[Originally published in Show Business Weekly]
How do you put an original play on Broadway? To Craig Wright, the comically dazzling writer of Mistakes Were Made, it involves selling out your playwright, placating your celebrity, denigrating everyone else’s agent, threatening the theatrical bookers, and, oh, a little bit of overseas negotiation with angry Afghanis and truckloads of sheep. Don't be fooled by the title: It’s just more of the show’s self-deprecating insider wit. Between director Dexter Bullard and the Atlas-like performer Michael Shannon (poised to devour Jeremy Piven's career), there's not a single mistake in this outstanding one-man farce.
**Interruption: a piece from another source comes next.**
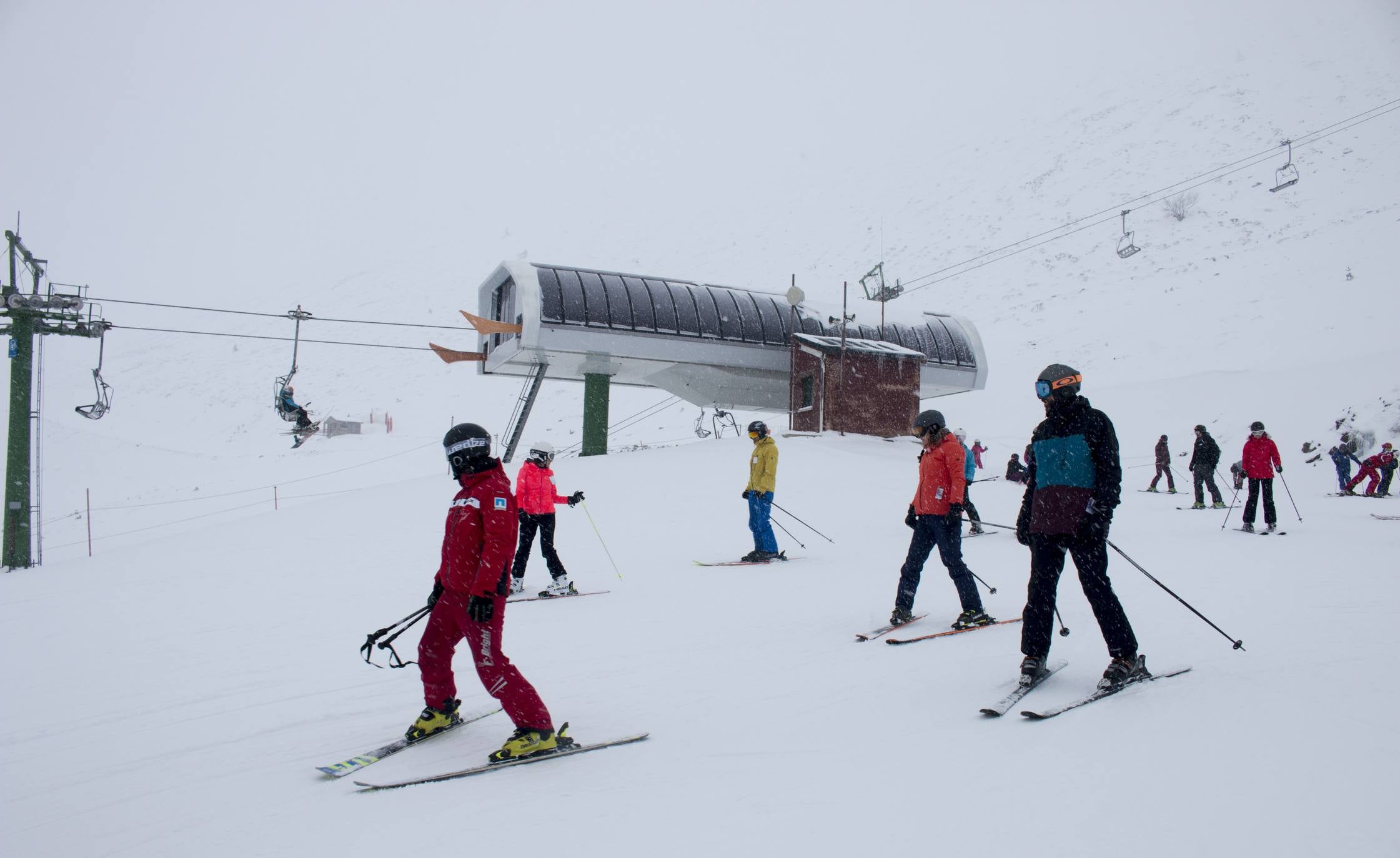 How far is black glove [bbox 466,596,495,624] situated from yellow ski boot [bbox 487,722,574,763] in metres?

The show begins with cheapo producer Felix Artifex (he’s done Cat on a Hot Tin Roof with Erik Estrada and Rosanne Barr) assuring the star he's wrangling that his only job is to do what's right for other people. It's not long before he switches phone lines, however, to butter up the playwright with some complementary lies ("He loves the script: his words, not mine") before suggesting a few rewrites. "Life is unbearable and short," he says of this epic French Revolution play, "and people want to be entertained." However, as the phone lines begin to light up faster and faster, driving Artifex to pace around the room on headset, a cartoonish, suspender-clasping caricature — but one with good intentions and a generous heart (watch him feed his fish) — the lies and the stakes grow larger.
Mistakes Were Made is filled with absurdity, but since it's all handled over the phone, filtered through Shannon's gravel-serious cajoling and chiseled horror (his eyes grow rather wide, his jaw plummets precipitously, his hair seems to grow whiter), we get caught up in what would otherwise be a shallow situation. (Consider the way Mark Rylance elevated Boeing Boeing.) Additionally, the novelty of verbal reversals (as opposed to physical pivots) reinvigorates the farce: because he's forced to work from his desk, without the ability for actual violence, his energies are channeled and amplified, as is his pitiable and ultimately helpless situation. It makes Shannon seem simultaneously subdued and frenetic, psychopathic yet endearing, and — in the biggest reversal of all — allows him to play against his normally dead-serious types (Boardwalk Empire, Bug).